En El Elegido Thomas
Mann parece inclinarse a la teología que se interesa menos en Dios que en
la relación entre Dios y el Hombre.
La historia trama a un rey y una reina que, casi perdidas
las esperanzas de concebir, tienen mellizos, varón uno, mujer la otra. La Madre
muere en el parto; la noche que muere el Padre, veinte años después, los
hermanos se hacen amantes. El nacimiento de un hijo hará naufragar la
abominable pareja; el joven padre parte hacia la muerte, el niño es arrojado a
las aguas para que Dios disponga, la madre deviene reina casta.
Diecisiete años después el fruto del incesto llega al reino
convertido en caballero, salva a la Reina, quien, ignorando el origen del
salvador, se casa con él.
La trama del pecado en este embrollo de incestos es una
imagen acabada del mundo tal como se lo concebía en el Medioevo: reino de
Satanás. Cuando el joven caballero se une en casamiento con su madre, el
narrador dice: "¿Por qué no?, pregunto yo desesperado. Él era un hombre y
ella una mujer, de modo que podían convertirse en marido y mujer, pues a la
naturaleza nada más le importa. (...) Es cosa del diablo, pues su indiferencia
no tiene límites."
Lo interesante es que el Dios de Mann en esta novela no
brama tempestades de furia ante el pecado, no transforma en piedra, no inunda
el mundo de agua, desde que "Dios había hecho de nuestro pecado su pasión.
Pecado y cruz eran en Él una sola cosa, y Él es ante todo Dios de los
pecadores."
En el final de la historia la madre que se casó con el hijo
ya vieja y el hijo convertido en Papa, se reencuentran luego de haber intentado
expiar su pecado con años de penitencia. Ella llega hasta él para confesarse y
le relata su vida entera. Al principio no parece reconocerlo, pero luego se
revela que sí.
" —¿Cómo? —dijo él— ¿Me habéis reconocido bajo la
capucha papal, después de tantos años?
" — Santidad, nada más veros siempre os reconozco.
" — ¿Y habéis estado jugando con nos, frívola mujer?
" — Puesto que vos queríais jugar conmigo...
" — Pensábamos ofrecer así a Dios un
entretenimiento".
Tenemos a una madre que tuvo un hijo con su hermano, luego
se casó con ese hijo, luego se martirizó a una vida de penitencia, lo mismo que
él, ahora él es Papa, ella hace un recuento de todo, y lo hace jugando. Y él
juega también, y verbaliza que el juego, juego de algún modo macabro, es un
entretenimiento que ambos le ofrecen a Dios.
¿Cuál es el juego? ¿No es el juego del Pecado?

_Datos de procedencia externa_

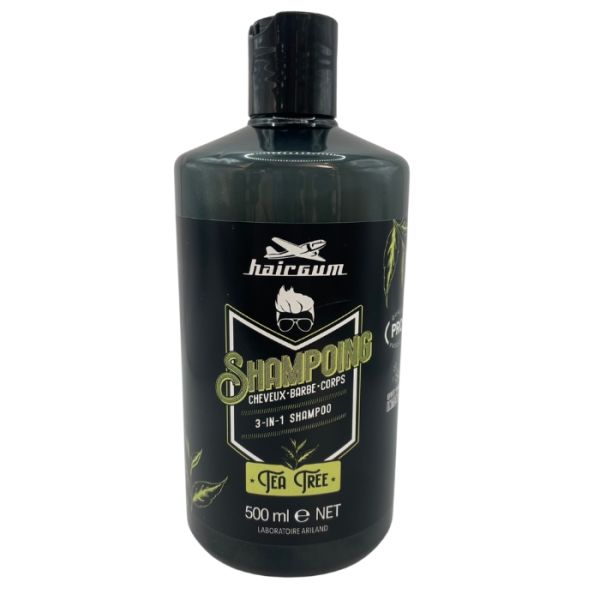 Shampooing 3-en-1 Tea tree Hairgum 500ml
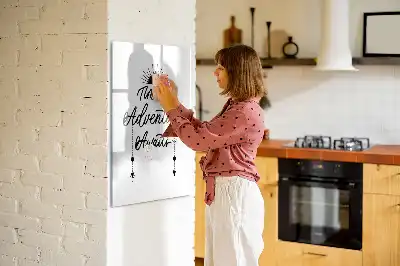 Tableau effaçable à sec magnétique modèle Aventure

A continuación ella le pide a él que deshaga el matrimonio y
pregunta "¿qué podemos ser el uno para el otro?", ante lo que él
dictamina: "hermano y hermana".
Si proyectamos el juego al pecado, podemos proyectar la
relación filial a todos los humanos, con Adán y Eva como los primeros hermanos
engendrados por el mismo padre, de modo que todos los humanos seríamos hijos
del incesto, como forma rebuscada y abominable del pecado. "Todos somos
hijos del pecado" es una frase que sostiene al cristianismo, y en la
propuesta de Mann, Dios se entretiene y apasiona al ver a los humanos jugar al
pecado.
En cuanto a la licitud de estas proyecciones, la siento
habilitada por el desarrollo de la novela, que abunda en pasajes como en el que
la Reina del incesto, madre y esposa de su marido, le pide socorro a la Virgen
María interpelándola: "tú que eres del Todopoderoso madre y esposa".
O en este otro, en que juega con los límites irresistibles: "Bien es
verdad que besar un miembro herido, por las heridas de Cristo martirizado, es
digno de alabanza, pero es en el discernir si se hace por humildad y amor a la
enfermedad o por el placer de besar donde empieza la sensibilidad
cristiana".
Y en las aguas de esos límites es donde se juega la
historia, concebida por un escritor que trató a Freud. Son los límites entre
aguas, del bien y del mal, del amor y el egoísmo. Esto escribe la Reina al
hijito que será arrojado a la voluntad de Dios: "(...) no pienses en tus
padres (...) con odio y acrimonia. Se amaron hasta el exceso el uno al otro, a
sí mismos el uno en el otro, ése fue tu pecado y así te concibieron."